Estudo revela como depressão afeta atenção em crianças

Uma pesquisa da Universidade de Binghamton, em Nova York, investiga como a depressão influencia a atenção de crianças em relação a expressões faciais. O estudo, que acompanhou 242 crianças e suas mães ao longo de dois anos, revela que os sintomas depressivos alteram a forma como as crianças percebem emoções, variando conforme o histórico de depressão materna.
Impacto da depressão na percepção emocional
Os resultados indicam que crianças com sintomas depressivos tendem a prestar mais atenção em rostos tristes, especialmente se suas mães também apresentaram histórico de depressão. A pesquisa sugere que essa mudança na atenção pode resultar em uma maior fixação em expressões negativas, o que pode agravar o estado emocional das crianças.
Metodologia do estudo
Os pesquisadores utilizaram tecnologia de rastreamento ocular para monitorar a atenção das crianças enquanto elas observavam pares de rostos exibidos em uma tela. Cada par incluía um rosto com expressão neutra e outro que poderia ser feliz, triste ou irritado. As avaliações foram realizadas a cada seis meses, permitindo uma análise detalhada das mudanças na atenção ao longo do tempo.

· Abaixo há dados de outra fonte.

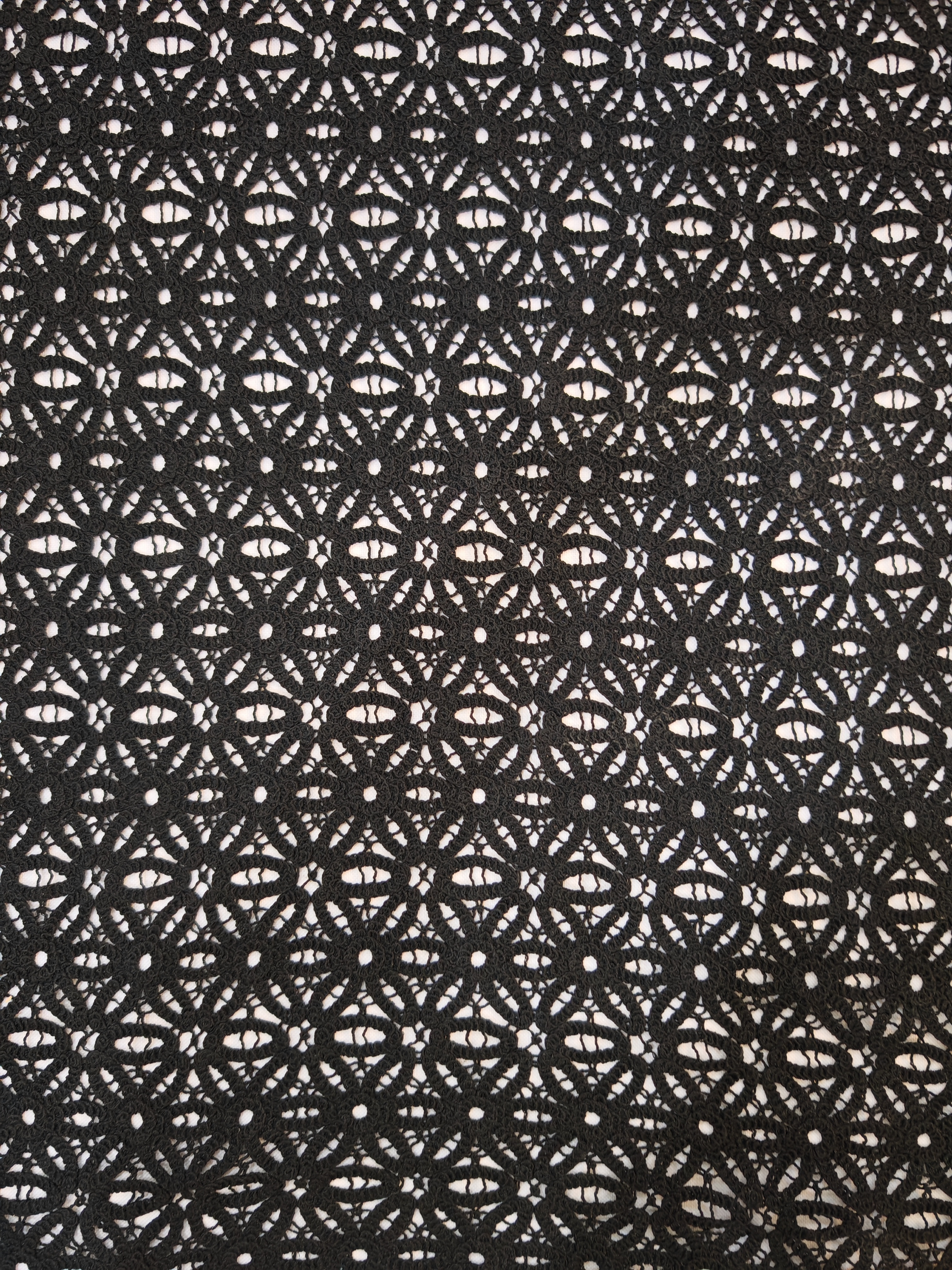 Black Flower Pattern With Cording Embroidery HKX10277  sequins embroidery factory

Diferenças na atenção conforme histórico familiar
Entre as crianças cujas mães não apresentaram histórico de depressão, um aumento nos sintomas depressivos foi associado a uma diminuição da atenção a rostos felizes. Por outro lado, crianças com mães que sofreram de transtorno depressivo maior mostraram um aumento na atenção voltada para rostos tristes, indicando que a experiência de depressão pode intensificar a percepção de tristeza em seu ambiente.
Implicações para o futuro das crianças
Os pesquisadores continuam a acompanhar as crianças para investigar como esses padrões de atenção podem afetar o risco de diagnósticos de depressão na adolescência. O estudo, publicado na Journal of Psychopathology and Clinical Science, oferece insights sobre a relação entre viés atencional e sintomas depressivos, destacando a importância de intervenções precoces para mitigar os efeitos da depressão na infância. Para mais detalhes, consulte o artigo completo em DOI: 10.1037/abn0001132.

A pesquisa enfatiza a necessidade de atenção às crianças em risco e sugere que intervenções focadas na percepção emocional podem ser cruciais para prevenir o desenvolvimento de problemas mais sérios no futuro.